EXERCISE
Each record should appear again in the response exactly as it does in the original.

PROVIDED DATA
##############################

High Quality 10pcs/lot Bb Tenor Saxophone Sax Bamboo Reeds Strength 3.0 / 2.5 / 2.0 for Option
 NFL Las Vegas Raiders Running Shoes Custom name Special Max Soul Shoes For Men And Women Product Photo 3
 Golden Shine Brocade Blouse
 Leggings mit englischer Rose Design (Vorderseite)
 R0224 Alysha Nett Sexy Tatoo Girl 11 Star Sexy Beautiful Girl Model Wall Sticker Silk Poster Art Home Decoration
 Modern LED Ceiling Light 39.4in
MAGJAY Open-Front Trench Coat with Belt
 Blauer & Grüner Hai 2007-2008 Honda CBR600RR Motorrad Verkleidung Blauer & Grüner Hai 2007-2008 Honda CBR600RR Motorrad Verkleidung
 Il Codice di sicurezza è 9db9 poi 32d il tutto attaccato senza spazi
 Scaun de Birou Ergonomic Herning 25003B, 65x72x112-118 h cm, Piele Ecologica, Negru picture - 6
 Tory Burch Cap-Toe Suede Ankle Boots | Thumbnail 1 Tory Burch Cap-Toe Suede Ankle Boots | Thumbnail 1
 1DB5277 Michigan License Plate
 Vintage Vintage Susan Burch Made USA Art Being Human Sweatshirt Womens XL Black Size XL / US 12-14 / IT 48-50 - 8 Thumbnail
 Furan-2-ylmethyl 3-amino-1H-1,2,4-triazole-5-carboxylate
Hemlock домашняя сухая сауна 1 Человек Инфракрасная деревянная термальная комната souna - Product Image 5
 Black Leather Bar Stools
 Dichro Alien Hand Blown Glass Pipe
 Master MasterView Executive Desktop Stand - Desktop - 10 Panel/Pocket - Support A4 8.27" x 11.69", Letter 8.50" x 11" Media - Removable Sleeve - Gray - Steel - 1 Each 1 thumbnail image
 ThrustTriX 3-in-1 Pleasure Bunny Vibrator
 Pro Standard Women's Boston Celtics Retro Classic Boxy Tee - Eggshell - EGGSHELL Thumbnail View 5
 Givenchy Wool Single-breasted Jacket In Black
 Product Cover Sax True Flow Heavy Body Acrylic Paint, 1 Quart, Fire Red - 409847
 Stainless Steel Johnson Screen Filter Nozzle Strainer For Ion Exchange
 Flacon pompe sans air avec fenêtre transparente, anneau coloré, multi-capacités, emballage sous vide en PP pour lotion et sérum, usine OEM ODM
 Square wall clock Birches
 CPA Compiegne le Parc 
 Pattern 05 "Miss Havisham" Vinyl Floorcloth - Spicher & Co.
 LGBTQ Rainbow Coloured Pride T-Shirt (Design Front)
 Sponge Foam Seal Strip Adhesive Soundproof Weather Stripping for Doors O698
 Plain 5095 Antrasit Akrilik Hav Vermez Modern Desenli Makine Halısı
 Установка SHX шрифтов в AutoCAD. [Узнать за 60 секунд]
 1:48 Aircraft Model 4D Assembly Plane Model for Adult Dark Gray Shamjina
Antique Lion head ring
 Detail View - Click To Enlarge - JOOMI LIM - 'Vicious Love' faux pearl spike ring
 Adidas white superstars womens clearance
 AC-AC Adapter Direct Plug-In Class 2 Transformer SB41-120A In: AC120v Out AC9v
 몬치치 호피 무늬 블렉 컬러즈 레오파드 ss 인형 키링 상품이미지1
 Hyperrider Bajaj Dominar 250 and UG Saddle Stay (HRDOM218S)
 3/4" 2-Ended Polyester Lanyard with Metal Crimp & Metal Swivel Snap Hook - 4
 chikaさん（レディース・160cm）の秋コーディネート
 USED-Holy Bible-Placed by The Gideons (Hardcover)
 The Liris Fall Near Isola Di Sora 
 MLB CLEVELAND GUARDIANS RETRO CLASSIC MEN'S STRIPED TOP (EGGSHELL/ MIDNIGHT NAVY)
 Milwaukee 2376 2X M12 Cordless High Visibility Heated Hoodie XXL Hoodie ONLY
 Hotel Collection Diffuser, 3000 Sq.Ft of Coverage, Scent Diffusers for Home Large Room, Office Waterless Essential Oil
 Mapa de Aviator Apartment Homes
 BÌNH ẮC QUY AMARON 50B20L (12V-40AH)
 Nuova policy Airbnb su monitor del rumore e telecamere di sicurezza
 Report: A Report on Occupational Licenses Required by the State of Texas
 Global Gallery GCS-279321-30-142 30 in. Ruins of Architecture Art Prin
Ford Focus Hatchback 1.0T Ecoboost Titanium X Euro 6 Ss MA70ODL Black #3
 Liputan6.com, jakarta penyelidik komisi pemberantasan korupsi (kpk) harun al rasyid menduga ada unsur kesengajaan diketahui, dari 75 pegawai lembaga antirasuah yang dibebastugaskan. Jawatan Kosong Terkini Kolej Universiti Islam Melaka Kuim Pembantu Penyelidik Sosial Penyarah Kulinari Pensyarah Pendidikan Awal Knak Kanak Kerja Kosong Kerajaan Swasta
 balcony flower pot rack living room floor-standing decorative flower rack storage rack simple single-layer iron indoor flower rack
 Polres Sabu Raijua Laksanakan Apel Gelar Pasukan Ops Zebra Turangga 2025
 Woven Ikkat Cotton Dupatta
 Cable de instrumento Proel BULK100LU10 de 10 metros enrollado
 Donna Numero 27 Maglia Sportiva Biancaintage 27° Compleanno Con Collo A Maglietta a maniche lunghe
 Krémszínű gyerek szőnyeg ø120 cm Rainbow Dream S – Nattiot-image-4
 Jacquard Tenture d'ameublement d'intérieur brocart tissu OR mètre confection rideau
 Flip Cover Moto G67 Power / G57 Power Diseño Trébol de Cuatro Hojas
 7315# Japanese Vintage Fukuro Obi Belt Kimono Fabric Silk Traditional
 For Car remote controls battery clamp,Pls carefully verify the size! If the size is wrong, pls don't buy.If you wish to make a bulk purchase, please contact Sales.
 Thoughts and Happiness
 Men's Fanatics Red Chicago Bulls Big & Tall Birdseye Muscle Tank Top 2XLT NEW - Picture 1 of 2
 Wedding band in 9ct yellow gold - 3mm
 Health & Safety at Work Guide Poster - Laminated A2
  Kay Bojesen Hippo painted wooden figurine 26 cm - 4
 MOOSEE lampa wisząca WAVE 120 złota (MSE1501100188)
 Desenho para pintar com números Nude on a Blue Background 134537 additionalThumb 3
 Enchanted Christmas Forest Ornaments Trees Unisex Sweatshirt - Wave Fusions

##############################

ANSWER BOX
High Quality 10pcs/lot Bb Tenor Saxophone Sax Bamboo Reeds Strength 3.0 / 2.5 / 2.0 for Option
 NFL Las Vegas Raiders Running Shoes Custom name Special Max Soul Shoes For Men And Women Product Photo 3
 Golden Shine Brocade Blouse
 Leggings mit englischer Rose Design (Vorderseite)
 R0224 Alysha Nett Sexy Tatoo Girl 11 Star Sexy Beautiful Girl Model Wall Sticker Silk Poster Art Home Decoration
 Modern LED Ceiling Light 39.4in
MAGJAY Open-Front Trench Coat with Belt
 Blauer & Grüner Hai 2007-2008 Honda CBR600RR Motorrad Verkleidung Blauer & Grüner Hai 2007-2008 Honda CBR600RR Motorrad Verkleidung
 Il Codice di sicurezza è 9db9 poi 32d il tutto attaccato senza spazi
 Scaun de Birou Ergonomic Herning 25003B, 65x72x112-118 h cm, Piele Ecologica, Negru picture - 6
 Tory Burch Cap-Toe Suede Ankle Boots | Thumbnail 1 Tory Burch Cap-Toe Suede Ankle Boots | Thumbnail 1
 1DB5277 Michigan License Plate
 Vintage Vintage Susan Burch Made USA Art Being Human Sweatshirt Womens XL Black Size XL / US 12-14 / IT 48-50 - 8 Thumbnail
 Furan-2-ylmethyl 3-amino-1H-1,2,4-triazole-5-carboxylate
Hemlock домашняя сухая сауна 1 Человек Инфракрасная деревянная термальная комната souna - Product Image 5
 Black Leather Bar Stools
 Dichro Alien Hand Blown Glass Pipe
 Master MasterView Executive Desktop Stand - Desktop - 10 Panel/Pocket - Support A4 8.27" x 11.69", Letter 8.50" x 11" Media - Removable Sleeve - Gray - Steel - 1 Each 1 thumbnail image
 ThrustTriX 3-in-1 Pleasure Bunny Vibrator
 Pro Standard Women's Boston Celtics Retro Classic Boxy Tee - Eggshell - EGGSHELL Thumbnail View 5
 Givenchy Wool Single-breasted Jacket In Black
 Product Cover Sax True Flow Heavy Body Acrylic Paint, 1 Quart, Fire Red - 409847
 Stainless Steel Johnson Screen Filter Nozzle Strainer For Ion Exchange
 Flacon pompe sans air avec fenêtre transparente, anneau coloré, multi-capacités, emballage sous vide en PP pour lotion et sérum, usine OEM ODM
 Square wall clock Birches
 CPA Compiegne le Parc 
 Pattern 05 "Miss Havisham" Vinyl Floorcloth - Spicher & Co.
 LGBTQ Rainbow Coloured Pride T-Shirt (Design Front)
 Sponge Foam Seal Strip Adhesive Soundproof Weather Stripping for Doors O698
 Plain 5095 Antrasit Akrilik Hav Vermez Modern Desenli Makine Halısı
 Установка SHX шрифтов в AutoCAD. [Узнать за 60 секунд]
 1:48 Aircraft Model 4D Assembly Plane Model for Adult Dark Gray Shamjina
Antique Lion head ring
 Detail View - Click To Enlarge - JOOMI LIM - 'Vicious Love' faux pearl spike ring
 Adidas white superstars womens clearance
 AC-AC Adapter Direct Plug-In Class 2 Transformer SB41-120A In: AC120v Out AC9v
 몬치치 호피 무늬 블렉 컬러즈 레오파드 ss 인형 키링 상품이미지1
 Hyperrider Bajaj Dominar 250 and UG Saddle Stay (HRDOM218S)
 3/4" 2-Ended Polyester Lanyard with Metal Crimp & Metal Swivel Snap Hook - 4
 chikaさん（レディース・160cm）の秋コーディネート
 USED-Holy Bible-Placed by The Gideons (Hardcover)
 The Liris Fall Near Isola Di Sora 
 MLB CLEVELAND GUARDIANS RETRO CLASSIC MEN'S STRIPED TOP (EGGSHELL/ MIDNIGHT NAVY)
 Milwaukee 2376 2X M12 Cordless High Visibility Heated Hoodie XXL Hoodie ONLY
 Hotel Collection Diffuser, 3000 Sq.Ft of Coverage, Scent Diffusers for Home Large Room, Office Waterless Essential Oil
 Mapa de Aviator Apartment Homes
 BÌNH ẮC QUY AMARON 50B20L (12V-40AH)
 Nuova policy Airbnb su monitor del rumore e telecamere di sicurezza
 Report: A Report on Occupational Licenses Required by the State of Texas
 Global Gallery GCS-279321-30-142 30 in. Ruins of Architecture Art Prin
Ford Focus Hatchback 1.0T Ecoboost Titanium X Euro 6 Ss MA70ODL Black #3
 Liputan6.com, jakarta penyelidik komisi pemberantasan korupsi (kpk) harun al rasyid menduga ada unsur kesengajaan diketahui, dari 75 pegawai lembaga antirasuah yang dibebastugaskan. Jawatan Kosong Terkini Kolej Universiti Islam Melaka Kuim Pembantu Penyelidik Sosial Penyarah Kulinari Pensyarah Pendidikan Awal Knak Kanak Kerja Kosong Kerajaan Swasta
 balcony flower pot rack living room floor-standing decorative flower rack storage rack simple single-layer iron indoor flower rack
 Polres Sabu Raijua Laksanakan Apel Gelar Pasukan Ops Zebra Turangga 2025
 Woven Ikkat Cotton Dupatta
 Cable de instrumento Proel BULK100LU10 de 10 metros enrollado
 Donna Numero 27 Maglia Sportiva Biancaintage 27° Compleanno Con Collo A Maglietta a maniche lunghe
 Krémszínű gyerek szőnyeg ø120 cm Rainbow Dream S – Nattiot-image-4
 Jacquard Tenture d'ameublement d'intérieur brocart tissu OR mètre confection rideau
 Flip Cover Moto G67 Power / G57 Power Diseño Trébol de Cuatro Hojas
 7315# Japanese Vintage Fukuro Obi Belt Kimono Fabric Silk Traditional
 For Car remote controls battery clamp,Pls carefully verify the size! If the size is wrong, pls don't buy.If you wish to make a bulk purchase, please contact Sales.
 Thoughts and Happiness
 Men's Fanatics Red Chicago Bulls Big & Tall Birdseye Muscle Tank Top 2XLT NEW - Picture 1 of 2
 Wedding band in 9ct yellow gold - 3mm
 Health & Safety at Work Guide Poster - Laminated A2
  Kay Bojesen Hippo painted wooden figurine 26 cm - 4
 MOOSEE lampa wisząca WAVE 120 złota (MSE1501100188)
 Desenho para pintar com números Nude on a Blue Background 134537 additionalThumb 3
 Enchanted Christmas Forest Ornaments Trees Unisex Sweatshirt - Wave Fusions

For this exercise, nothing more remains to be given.